### Work instructions
Quote word for word from the line holding "Two men wearing" to the last line below, including both, and omit any pictures.

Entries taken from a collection
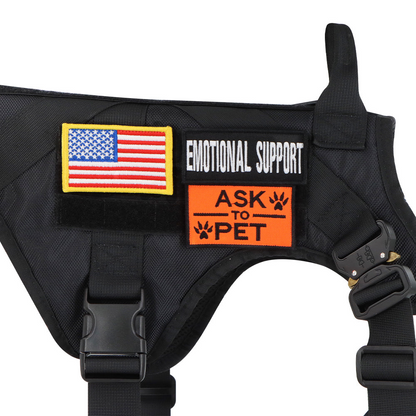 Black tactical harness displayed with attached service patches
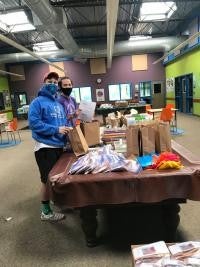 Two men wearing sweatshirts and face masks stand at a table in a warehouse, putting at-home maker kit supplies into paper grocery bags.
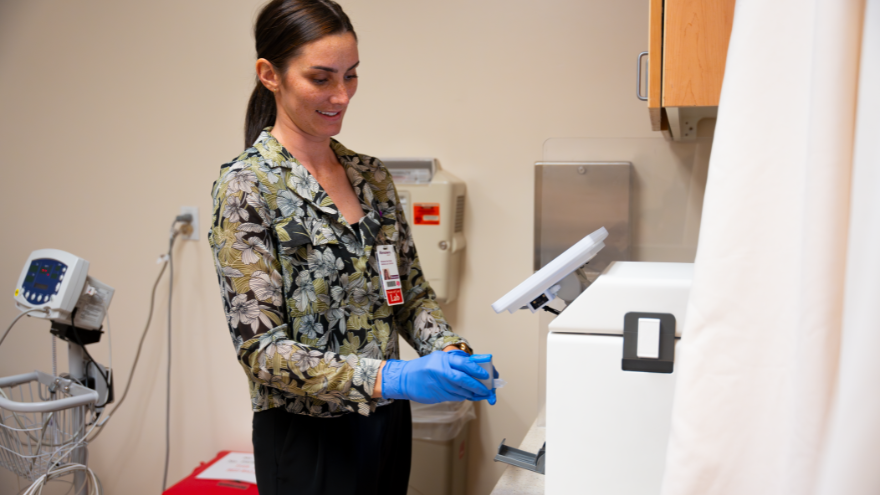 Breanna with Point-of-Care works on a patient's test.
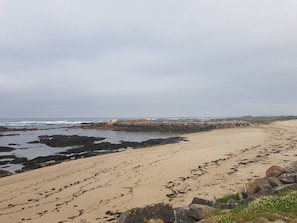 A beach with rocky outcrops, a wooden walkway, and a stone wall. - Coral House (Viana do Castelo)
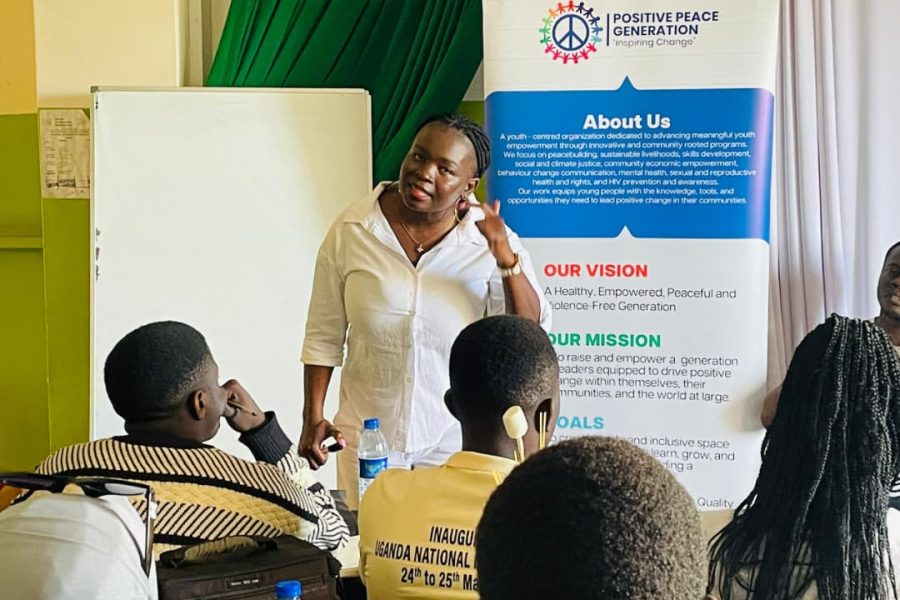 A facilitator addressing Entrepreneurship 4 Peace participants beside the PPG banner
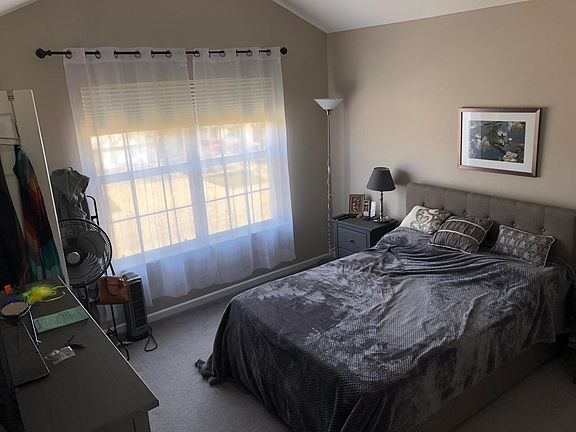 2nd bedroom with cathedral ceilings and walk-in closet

### Answer to this exercise
 Two men wearing sweatshirts and face masks stand at a table in a warehouse, putting at-home maker kit supplies into paper grocery bags.
 Breanna with Point-of-Care works on a patient's test.
 A beach with rocky outcrops, a wooden walkway, and a stone wall. - Coral House (Viana do Castelo)
 A facilitator addressing Entrepreneurship 4 Peace participants beside the PPG banner
 2nd bedroom with cathedral ceilings and walk-in closet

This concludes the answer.